Da nulidade por omissão de pronúncia

(Art. 379.º, n.º 1, al. c) do CPP)

O Supremo Tribunal de Justiça, no acórdão ora recorrido, não se pronunciou sobre a invocada inconstitucionalidade da interpretação normativa do artigo 400.º, n.º 1, alíneas e) e f) do CPP, designadamente quanto à impossibilidade de recorrer mesmo diante da aplicação de uma pena única privativa da liberdade de 11 anos.

Esta omissão ocorre apesar de o recorrente ter invocado expressamente a violação do princípio da proporcionalidade e do acesso efetivo à justiça, previstos nos artigos 18.º, 20.º e 13.º da Constituição da República Portuguesa, com remissão para jurisprudência nacional e do Tribunal Europeu dos Direitos Humanos.

Estando o tribunal ad quem vinculado à apreciação de todas as questões suscitadas no recurso (art. 374.º, n.º 2 do CPP), o silêncio sobre matéria expressamente impugnada configura nulidade processual, devendo ser reconhecida nos termos do artigo 379.º, n.º 1, al. c) do CPP.

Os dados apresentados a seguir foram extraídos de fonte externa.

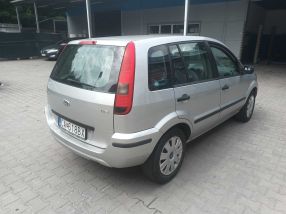 Ford Fusion - 2005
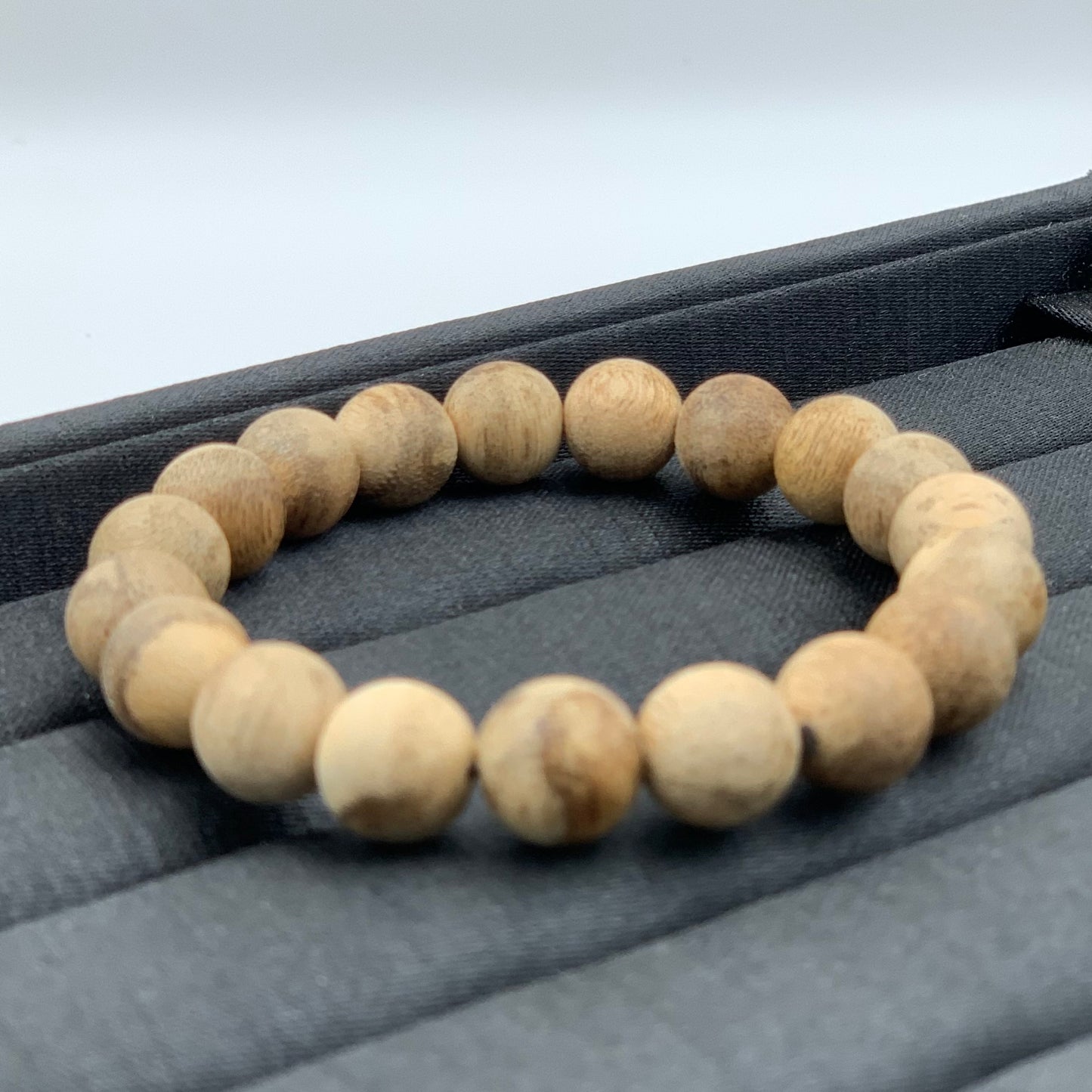 Vòng Tay Trầm Kiến Rừng Phú Quốc Hàng Tuyển 5 mm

Da nulidade por contradição na fundamentação

(Art. 410.º, n.º 2, al. b) do CPP)

O acórdão do Supremo Tribunal acolheu, de forma acrítica, a decisão do Tribunal da Relação, confirmando a pena única de 11 anos de prisão com base numa fundamentação aparentemente racional, mas intrinsecamente contraditória, porquanto:

a) Reconhece que não houve violência física, ameaça grave, nem prejuízos patrimoniais avultados;

b) E simultaneamente considera adequada a pena próxima do limite médio da moldura de concurso (11 anos), invocando abstratamente razões de prevenção geral e especial, sem examinar o concreto impacto da pena na situação social do arguido nem justificar por que razão os princípios constitucionais alegados foram afastados.

Tal disparidade entre os fundamentos e a decisão final viola o dever de fundamentação lógico-dedutiva, previsto nos artigos 205.º da CRP e 374.º do CPP, consubstanciando nulidade por contradição interna insanável, nos termos do artigo 410.º, n.º 2, al. b) do Código de Processo Penal.

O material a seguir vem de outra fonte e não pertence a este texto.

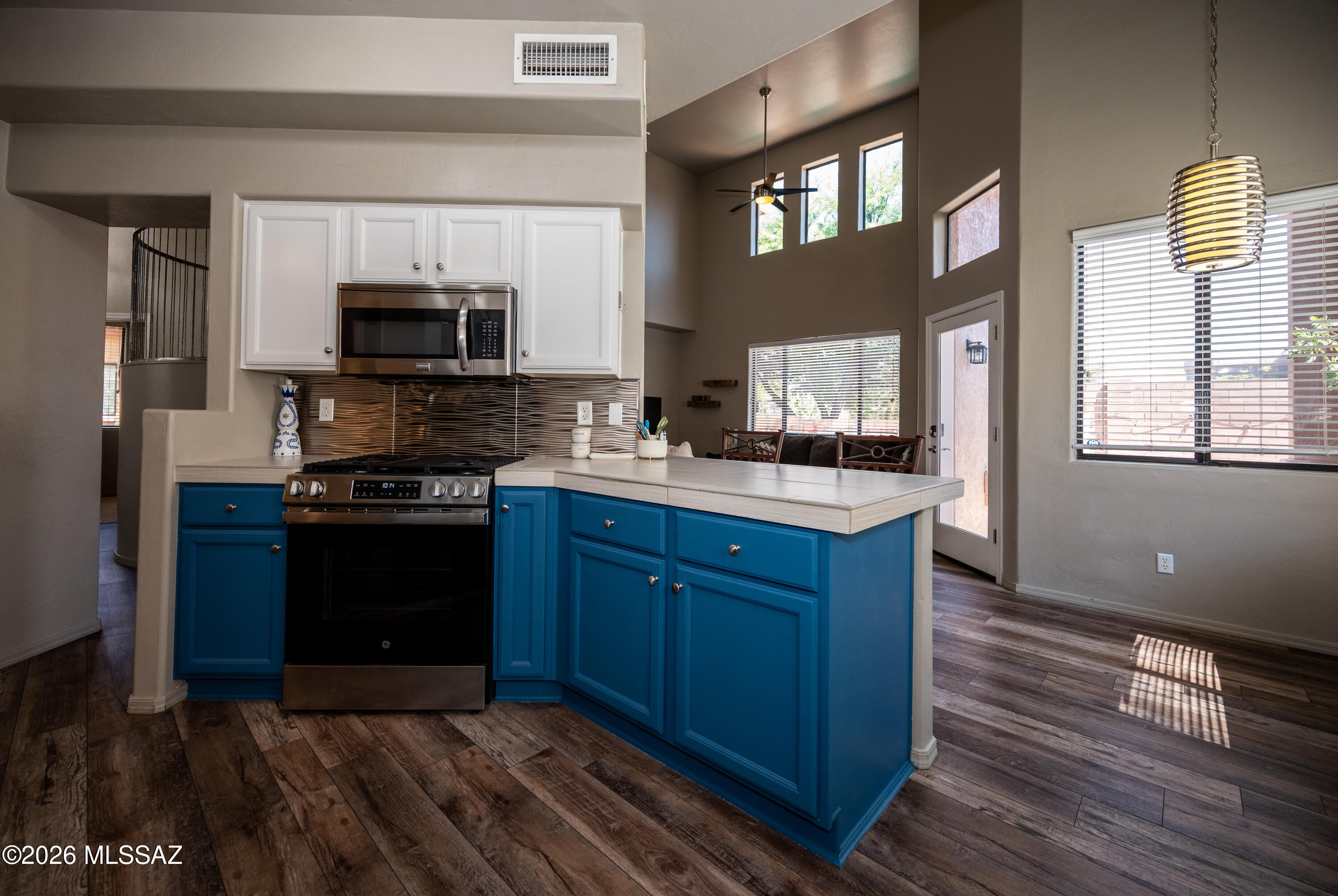 Catalina Point (1-32) - Residential Lease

Da preservação do direito de recurso para o Tribunal Constitucional

Caso V. Ex.as não reconheçam as nulidades ora arguidas, fica desde já expressamente invocada a inconstitucionalidade da interpretação normativa do artigo 400.º, n.º 1, al. f) do CPP, que impede o conhecimento de recurso sobre penas superiores a 5 anos, mas inferiores a 8 anos, mesmo nos casos em que esteja em causa uma pena única de 11 anos de prisão, como sucede no presente caso.

Tal interpretação viola os artigos 20.º, 18.º, 13.º e 1.º da Constituição da República Portuguesa, por consagrar uma restrição desproporcionada e arbitrária ao direito de acesso à justiça e à individualização da pena.

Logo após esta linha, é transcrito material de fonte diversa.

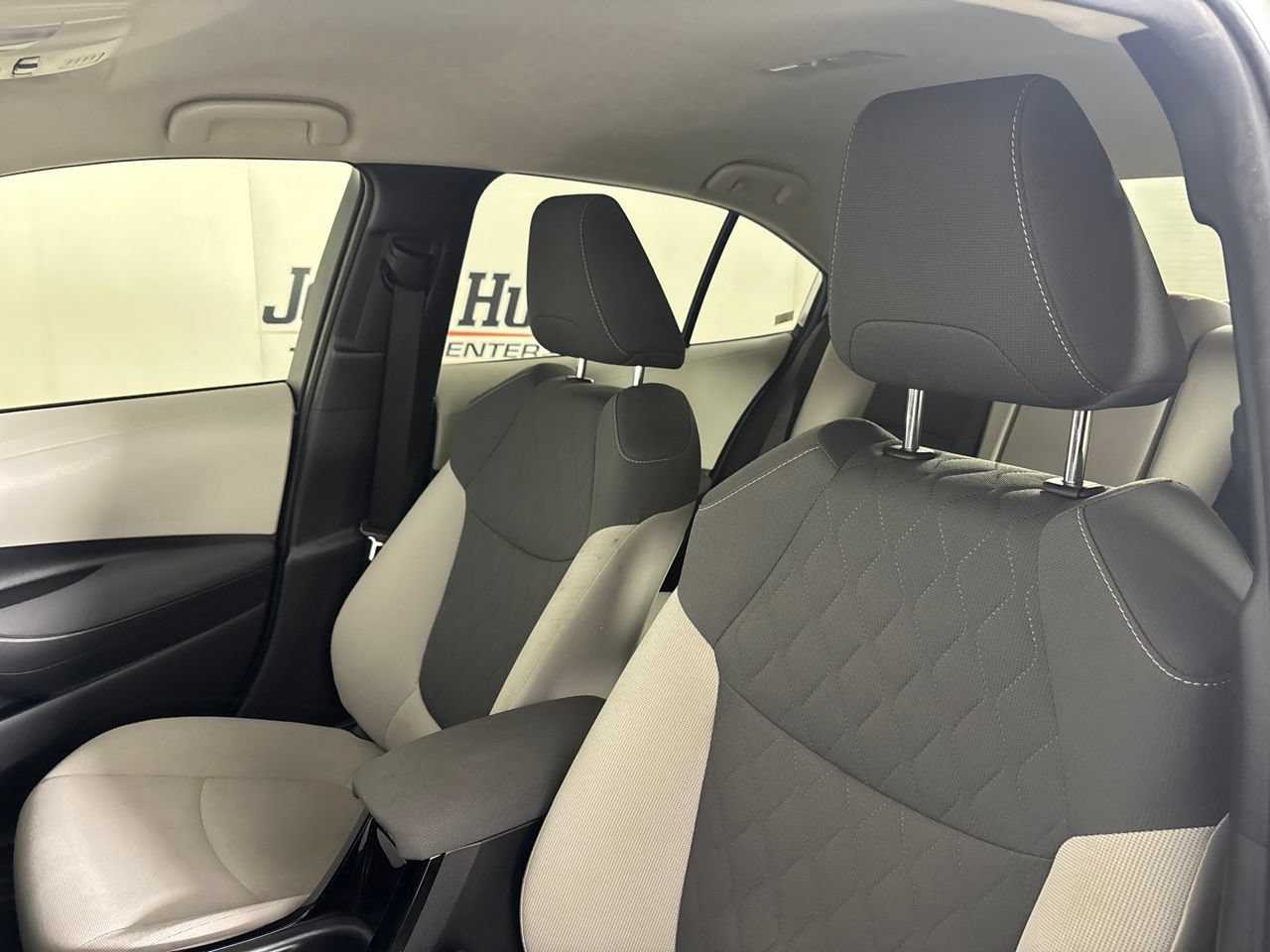 Used 2022 Toyota Corolla LE FWD image 11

Invoca-se, ainda, para os devidos efeitos, a jurisprudência do Tribunal Constitucional Português (v.g. Ac. n.º 140/2009, 35/2019) e do Tribunal Europeu dos Direitos Humanos (Del Río Prada v. Espanha, Vinter v. Reino Unido).

Nestes termos, requer-se a V. Ex.as se dignem:

1. Declarar a nulidade do acórdão do Supremo Tribunal de Justiça, por omissão de pronúncia e contradição da fundamentação, nos termos dos artigos 379.º, n.º 1, al. c) e 410.º, n.º 2, al. b) do CPP;

2. Determinar a prolação de novo acórdão, com apreciação efetiva das questões suscitadas, incluindo os fundamentos constitucionais invocados;

3. Subsidiariamente, admitir a invocada e expressa arguição de inconstitucionalidade, nos termos do artigo 70.º, n.º 1, alínea b) da Lei n.º 28/82 (LTC)».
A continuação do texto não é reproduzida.